Sunday, 28 September 2014

Homicide: A Year on the Killing Streets 1

Chapter one
I’m reading Homicide: A Year on the Killing Streets by David Simon. Simon is a reporter who spent a year observing a Baltimore homicide unit, which served as the basis for this book, and HBO’s The Wire.


Two weeks ago, if you asked me what police do, I’d say something along the lines of, “They run after bad guys… they have guns, sirens…car chases?”


My experience with police officers is (I suppose thankfully) limited.


“Television has given us the myth of the raging pursuit, the high-speed chase, but in truth there is no such thing: if there were, God knows the Cavalier would throw a rod after a dozen blocks…” Simon, page 16.


The detectives, at least for the first chapter, don’t fight people. They yell, they swab, or “NEUTRON,” but that’s the extent of it.  They visit crime scenes, do general sleuthing, interrogate people, and mundane office work.



Writing like a journalist
Simon is able to do what we’re taught in school, show—don’t tell.


Jay Landsman, of the sidelong smile and pockmarked face, who tells the mothers of wanted men that all the commotion is nothing to be upset about, just a routine murder warrant. Landsman, who leaves empty liquor bottles in the other sergeants’ desks and never fails to turn out the men’s room light when a ranking officer is indisposed,” page 2.


Simon doesn’t have to say that Landsman is a jerk. We get it. Part of this is good story telling, knowing what details matter. The other part is that Simon was actively involved in the story.  If he didn’t know Landsman personally, he wouldn't know those details. Being present improves story telling.


We’ve learned that it’s usually best to avoid jargon. In Homicide, it works. The book reads like it could be fiction, Simon tells the story through the lens of the characters.


However, I do sort of wish there was more of an explanation for some of the slang. I had to look up yo/yos, all I could find was an Urban Dictionary (always a credible source) entry.


I appreciate how slang lends to the voice of characters, but at times it is confusing.

Murders that matter
About three pages in, all I could think about is how little people seem to care about death. It continued throughout the chapter, but it wasn’t just the detectives.  

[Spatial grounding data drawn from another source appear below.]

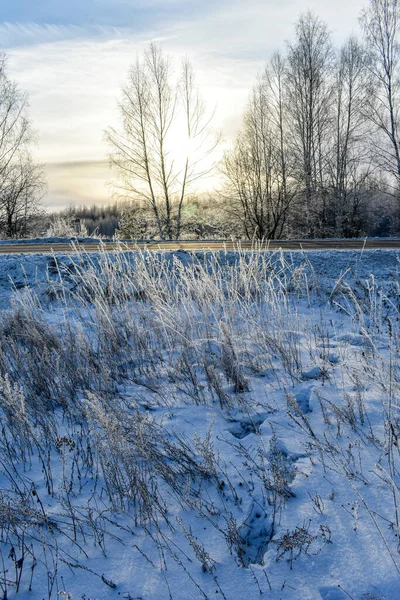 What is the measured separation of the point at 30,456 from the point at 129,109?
62.2ft

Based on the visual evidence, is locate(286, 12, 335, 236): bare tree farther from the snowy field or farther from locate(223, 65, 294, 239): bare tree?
the snowy field

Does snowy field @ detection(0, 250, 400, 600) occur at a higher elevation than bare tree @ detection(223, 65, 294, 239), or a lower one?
lower

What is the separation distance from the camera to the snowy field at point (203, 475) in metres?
1.92

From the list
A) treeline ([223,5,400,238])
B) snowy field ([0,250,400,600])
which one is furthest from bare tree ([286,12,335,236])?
snowy field ([0,250,400,600])

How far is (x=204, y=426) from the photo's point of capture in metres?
3.15

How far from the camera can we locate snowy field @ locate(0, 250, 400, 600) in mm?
1916

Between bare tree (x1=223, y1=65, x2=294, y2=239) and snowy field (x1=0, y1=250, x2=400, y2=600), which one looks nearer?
snowy field (x1=0, y1=250, x2=400, y2=600)

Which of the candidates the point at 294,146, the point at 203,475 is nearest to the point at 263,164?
the point at 294,146

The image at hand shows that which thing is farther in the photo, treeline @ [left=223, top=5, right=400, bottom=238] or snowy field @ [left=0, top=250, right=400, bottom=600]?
treeline @ [left=223, top=5, right=400, bottom=238]

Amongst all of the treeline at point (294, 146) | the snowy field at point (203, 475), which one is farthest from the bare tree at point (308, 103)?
the snowy field at point (203, 475)

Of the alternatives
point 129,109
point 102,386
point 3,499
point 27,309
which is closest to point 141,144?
point 129,109

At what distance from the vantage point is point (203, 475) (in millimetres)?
2529

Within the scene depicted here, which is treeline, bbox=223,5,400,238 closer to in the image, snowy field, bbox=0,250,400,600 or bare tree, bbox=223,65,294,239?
bare tree, bbox=223,65,294,239

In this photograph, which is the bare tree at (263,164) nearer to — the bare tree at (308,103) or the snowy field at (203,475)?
the bare tree at (308,103)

“Underneath this towering pyramid of authority squats the homicide detective, laboring in anonymity over some bludgeoned prostitute or shot-to-shit narcotics trafficker until one day the phone bleats twice and the body on the ground is that of an eleven-year-old girl, an all-city athlete, a retired priest, or some out-of-state tourist who wandered into the projects with a Nikon around his neck. Red balls. Murders that matter,” page 20.

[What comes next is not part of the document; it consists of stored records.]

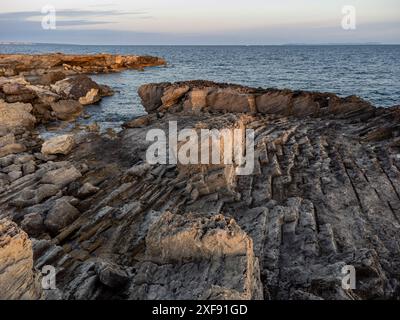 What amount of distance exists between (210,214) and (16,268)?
4.39 metres

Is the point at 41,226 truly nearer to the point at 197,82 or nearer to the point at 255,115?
the point at 255,115

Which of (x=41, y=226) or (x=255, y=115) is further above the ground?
(x=255, y=115)

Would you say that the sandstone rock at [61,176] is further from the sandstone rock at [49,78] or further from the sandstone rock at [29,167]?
the sandstone rock at [49,78]

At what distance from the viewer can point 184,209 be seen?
11.0 m

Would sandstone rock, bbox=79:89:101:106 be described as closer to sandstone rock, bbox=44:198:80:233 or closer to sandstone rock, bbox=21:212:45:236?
sandstone rock, bbox=44:198:80:233

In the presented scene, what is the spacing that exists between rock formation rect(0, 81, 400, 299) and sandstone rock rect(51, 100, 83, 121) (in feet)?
21.9

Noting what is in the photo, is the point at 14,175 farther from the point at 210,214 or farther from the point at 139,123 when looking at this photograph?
the point at 139,123

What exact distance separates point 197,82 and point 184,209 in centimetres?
1740

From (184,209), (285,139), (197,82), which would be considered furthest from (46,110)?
(184,209)

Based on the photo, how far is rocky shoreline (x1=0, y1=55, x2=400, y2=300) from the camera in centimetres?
672

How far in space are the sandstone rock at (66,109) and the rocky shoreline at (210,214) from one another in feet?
18.0

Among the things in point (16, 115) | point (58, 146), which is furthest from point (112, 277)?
point (16, 115)

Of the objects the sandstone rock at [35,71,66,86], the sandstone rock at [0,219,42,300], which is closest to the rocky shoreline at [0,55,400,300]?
the sandstone rock at [0,219,42,300] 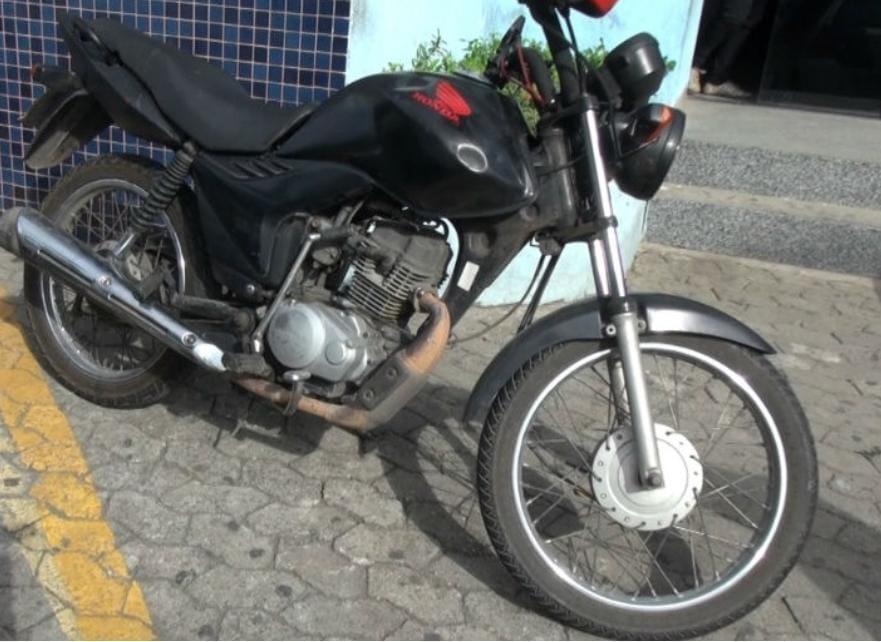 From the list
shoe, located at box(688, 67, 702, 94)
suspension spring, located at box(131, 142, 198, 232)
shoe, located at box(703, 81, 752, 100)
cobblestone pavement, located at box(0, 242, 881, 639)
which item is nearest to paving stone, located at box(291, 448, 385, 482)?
cobblestone pavement, located at box(0, 242, 881, 639)

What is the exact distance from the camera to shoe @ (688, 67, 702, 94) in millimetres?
8344

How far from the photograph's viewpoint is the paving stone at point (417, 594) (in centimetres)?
282

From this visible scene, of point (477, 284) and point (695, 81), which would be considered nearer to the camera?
point (477, 284)

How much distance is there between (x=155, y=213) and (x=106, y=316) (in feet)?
1.89

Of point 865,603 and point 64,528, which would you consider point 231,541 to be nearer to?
point 64,528

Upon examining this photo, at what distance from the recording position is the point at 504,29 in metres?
4.71

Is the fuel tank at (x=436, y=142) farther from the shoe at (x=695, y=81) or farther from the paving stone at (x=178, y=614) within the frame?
the shoe at (x=695, y=81)

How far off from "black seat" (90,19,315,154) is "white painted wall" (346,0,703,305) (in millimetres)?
1254

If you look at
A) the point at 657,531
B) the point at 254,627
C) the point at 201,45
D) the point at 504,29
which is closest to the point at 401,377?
the point at 254,627

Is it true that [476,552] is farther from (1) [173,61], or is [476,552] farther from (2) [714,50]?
(2) [714,50]

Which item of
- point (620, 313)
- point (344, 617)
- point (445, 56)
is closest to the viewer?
point (620, 313)

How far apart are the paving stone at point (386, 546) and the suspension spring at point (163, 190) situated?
125 cm

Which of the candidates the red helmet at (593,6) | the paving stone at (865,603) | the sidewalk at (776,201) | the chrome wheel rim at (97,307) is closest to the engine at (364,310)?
the chrome wheel rim at (97,307)

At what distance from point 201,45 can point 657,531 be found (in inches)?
123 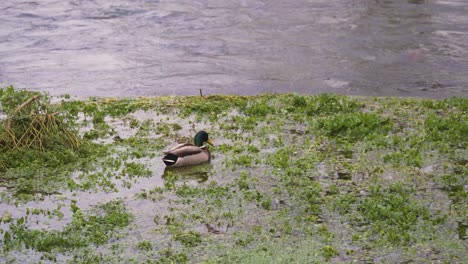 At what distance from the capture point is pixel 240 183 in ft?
33.5

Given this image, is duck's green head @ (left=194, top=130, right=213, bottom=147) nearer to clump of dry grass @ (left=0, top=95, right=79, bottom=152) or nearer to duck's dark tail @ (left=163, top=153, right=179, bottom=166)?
duck's dark tail @ (left=163, top=153, right=179, bottom=166)

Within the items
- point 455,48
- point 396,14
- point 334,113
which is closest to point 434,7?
point 396,14

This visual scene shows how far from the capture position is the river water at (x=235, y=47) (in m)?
16.9

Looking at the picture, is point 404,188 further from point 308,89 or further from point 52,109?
point 308,89

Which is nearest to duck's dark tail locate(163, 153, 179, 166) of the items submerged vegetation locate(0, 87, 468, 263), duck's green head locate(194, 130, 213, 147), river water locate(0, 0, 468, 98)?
submerged vegetation locate(0, 87, 468, 263)

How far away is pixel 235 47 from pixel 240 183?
1023 centimetres

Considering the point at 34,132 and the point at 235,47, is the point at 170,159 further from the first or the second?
the point at 235,47

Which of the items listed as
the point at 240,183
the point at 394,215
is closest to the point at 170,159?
the point at 240,183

The deaths people care about are less frequent, but the media gives them coverage. Why are some deaths more important than others?


The deaths are different because the victims are not necessarily people living in  poverty, or  addicted to drugs.


As I got further through the chapter I realized that the detectives  care, at least to an extent, but it's their job, they’re used to it. Murders that matter are only different because other people care.


Empathy
“For each body, he gives what he can afford to give and no more. He carefully measures out the required amount of energy and emotion, closes the file and moves on to the next call. And even after years of calls and bodies and crime scenes and interrogations, a good detective still answers the phone with the stubborn, unyielding belief that if he does his job, the truth is always knowable. A homicide detective endures,” page 22. 


The first day of journalism class this year, we talked about the qualities a journalist should have. I’ve been thinking about empathy a lot since then. As a journalist, should you invest yourself in people’s (sometimes tragic) stories? Is empathy a good quality to have? Does it help people open up?  


I’m still not sure, but I was reminded of our discussion by the quote from page 22. I’m aware that police work and journalism are different, but they are sometimes intertwined.


I still don’t know what my opinion on the matter is, let me know what you think?